4:0. God’s Relation to the Universe
P54:1, 4:0.1 The Universal Father has an eternal purpose
pertaining to the material, intellectual, and spiritual phenomena of the
universes, which he is executing throughout all time. God created the universes
of his own free and sovereign will, and he created them in accordance with his
all-wise and eternal purpose. It is doubtful whether anyone except the Paradise
Residents really knows very much about the eternal purpose of God.
P54:2, 4:0.2 It is easy to deduce that the purpose in creating
the perfect central universe and Heaven was purely the satisfaction of the
divine nature. Heaven may serve as the pattern creation for all other universes
and as the finishing school for the pilgrims of time on their way to Paradise;
however, such a supernal creation must exist primarily for the satisfaction of
the perfect and infinite Creator.
P54:3, 4:0.3 The amazing plan for perfecting evolutionary
mortals and, after their attainment of Paradise is by no means the exclusive
occupation of the universe intelligences. There are, indeed, many other
fascinating pursuits that occupy the time and enlist the energies of the
celestial hosts.
P54:4, 4:1.1 For ages the inhabitants of Earth have misunderstood the providence of God. There is a providence of divine outworking on your world, but it is not the childish, arbitrary, and material ministry many mortals have conceived it to be. The providence of God consists in the interlocking activities of the celestial beings and the divine spirits who, in accordance with cosmic law, unceasingly work in the unity of God and for the spiritual advancement of his universe children.

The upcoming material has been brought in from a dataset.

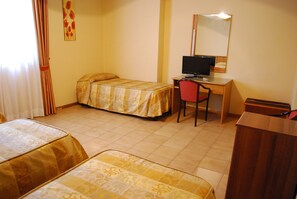 Una habitación de hotel con dos camas, un escritorio con una computadora, una silla y un armario de madera.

P54:5, 4:1.2 Can you not advance in your concept of God's
dealing with man to that level where you recognize that the watchword of the
universe is progress? Through long ages the human race has struggled to
reach its present position. Throughout all these millenniums Providence has been
working out the plan of progressive evolution. The two thoughts are not opposed
in practice, only in man's mistaken concepts. Divine providence is never arrayed
in opposition to true human progress, either temporal or spiritual. Providence
is always consistent with the unchanging and perfect nature of the supreme God.

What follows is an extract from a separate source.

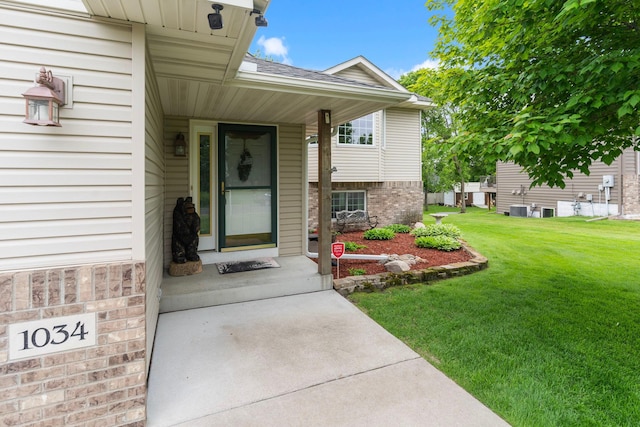 1034 111th Ave NE, Blaine, MN 55434 - property entrance with a yard, roof with shingles, cooling unit, and brick siding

P55:1, 4:1.3 "God is faithful and just." "His
faithfulness is established in the very skies." "Your faithfulness is
to all generations; you have established the earth and it abides." "He
is a faithful Creator."
P55:2, 4:1.4 There is no limitation of the forces that the
Father may use to uphold his purpose and sustain his creatures. "The
eternal God is our refuge, and underneath are the everlasting arms."

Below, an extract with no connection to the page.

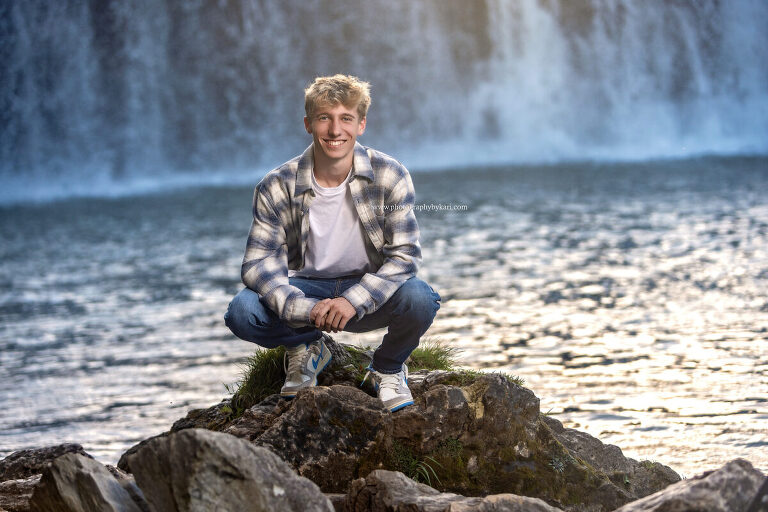 Senior boy squatting near Lanesboro Stone Dam for outdoor portrait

"He who dwells in the secret place of the Most High shall abide under the
shadow of the Almighty." "Behold, he who keeps us shall neither
slumber nor sleep." "We know that all things work together for good to
those who love God," "for the eyes of the Lord are over the righteous,
and his ears are open to their prayers."
P55:3, 4:1.5 God upholds "all things by the word of his
power." And when new worlds are born, God not only creates, but he
"preserves them all." God constantly upholds all things material and
all beings spiritual. The universes are eternally stable. There is stability in
the midst of apparent instability. There is an underlying order and security in
the midst of the energy upheavals and the physical cataclysms of the starry
realms.
P55:4, 4:1.6 The Universal Father has not withdrawn from the
management of the universes; he is not an inactive Deity. If God should retire
as the present upholder of all creation, there would immediately occur a
universal collapse. Except for God, there would be no such thing as reality.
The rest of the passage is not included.